Records from a collection
☆ ☆ ☆ ☆
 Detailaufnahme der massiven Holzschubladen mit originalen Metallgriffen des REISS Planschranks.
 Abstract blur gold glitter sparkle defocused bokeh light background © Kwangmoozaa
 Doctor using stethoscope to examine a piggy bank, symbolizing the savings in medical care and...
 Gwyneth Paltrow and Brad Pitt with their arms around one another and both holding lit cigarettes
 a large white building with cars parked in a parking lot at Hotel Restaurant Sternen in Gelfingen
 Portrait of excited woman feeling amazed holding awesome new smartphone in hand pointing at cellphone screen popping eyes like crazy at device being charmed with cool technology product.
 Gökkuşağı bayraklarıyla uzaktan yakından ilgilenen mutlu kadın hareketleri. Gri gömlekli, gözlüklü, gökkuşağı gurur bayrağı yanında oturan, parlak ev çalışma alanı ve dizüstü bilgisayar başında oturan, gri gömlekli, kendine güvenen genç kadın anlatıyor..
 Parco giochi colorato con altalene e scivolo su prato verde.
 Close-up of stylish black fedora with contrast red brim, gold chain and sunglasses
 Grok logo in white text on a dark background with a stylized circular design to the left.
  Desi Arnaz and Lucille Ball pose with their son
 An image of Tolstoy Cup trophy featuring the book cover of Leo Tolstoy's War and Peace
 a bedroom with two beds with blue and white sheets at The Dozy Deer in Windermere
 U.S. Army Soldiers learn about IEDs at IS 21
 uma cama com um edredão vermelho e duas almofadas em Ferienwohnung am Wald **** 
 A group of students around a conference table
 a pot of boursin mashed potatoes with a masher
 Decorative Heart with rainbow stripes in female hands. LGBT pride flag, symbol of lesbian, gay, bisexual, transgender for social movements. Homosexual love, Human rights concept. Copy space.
☆ ☆ ☆ ☆
-- Task objective --
The required output is the number of lines in the records that contain the word "white", with nothing added.

-- Result for this exercise --
3